Is FMA/Muladd Working Here?

307 views
Skip to first unread message

Chris Rackauckas

unread,
Sep 21, 2016, 1:56:45 AM9/21/16
to julia-users
Hi,
  First of all, does LLVM essentially fma or muladd expressions like `a1*x1 + a2*x2 + a3*x3 + a4*x4`? Or is it required that one explicitly use `muladd` and `fma` on these types of instructions (is there a macro for making this easier)?

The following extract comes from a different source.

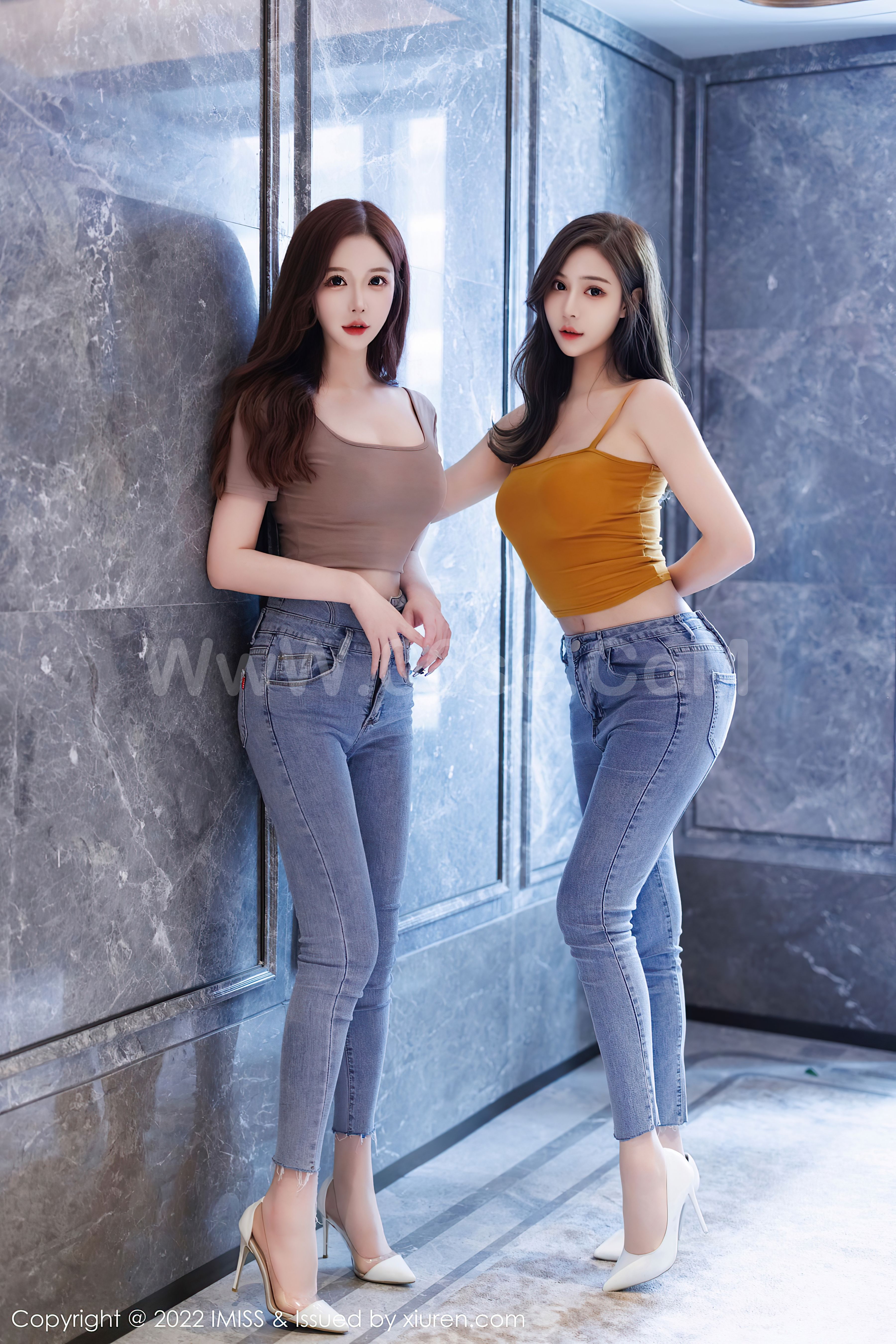 图片[3]-IMISS Vol.697 Lavinia肉肉 & LindaLinda-六色网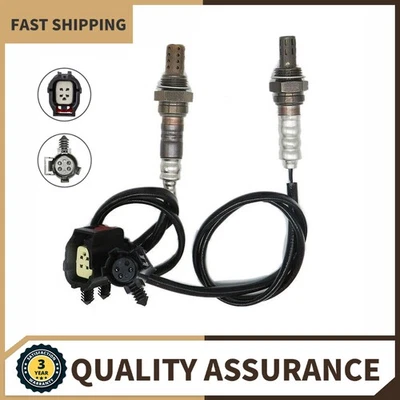 O2 Oxygen Sensors Up+Down For 2001-2003 CHRYSLER TOWN&COUNTRY/DODGE CARAVAN 3.3L - Imagem 1 de 4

  Secondly, I am wondering if my setup is no applying these operations correctly. Here's my test code:

f(x) = 2.0x + 3.0
g(x) = muladd(x,2.0, 3.0)
h(x) = fma(x,2.0, 3.0)

@code_llvm f(4.0)
@code_llvm g(4.0)
@code_llvm h(4.0)

@code_native f(4.0)
@code_native g(4.0)
@code_native h(4.0)

Computer 1

Julia Version 0.5.0-rc4+0
Commit 9c76c3e* (2016-09-09 01:43 UTC)
Platform Info:
  System: Linux (x86_64-redhat-linux)
  CPU: Intel(R) Xeon(R) CPU E5-2667 v4 @ 3.20GHz
  WORD_SIZE: 64
  BLAS: libopenblas (DYNAMIC_ARCH NO_AFFINITY Haswell)
  LAPACK: libopenblasp.so.0
  LIBM: libopenlibm
  LLVM: libLLVM-3.7.1 (ORCJIT, broadwell)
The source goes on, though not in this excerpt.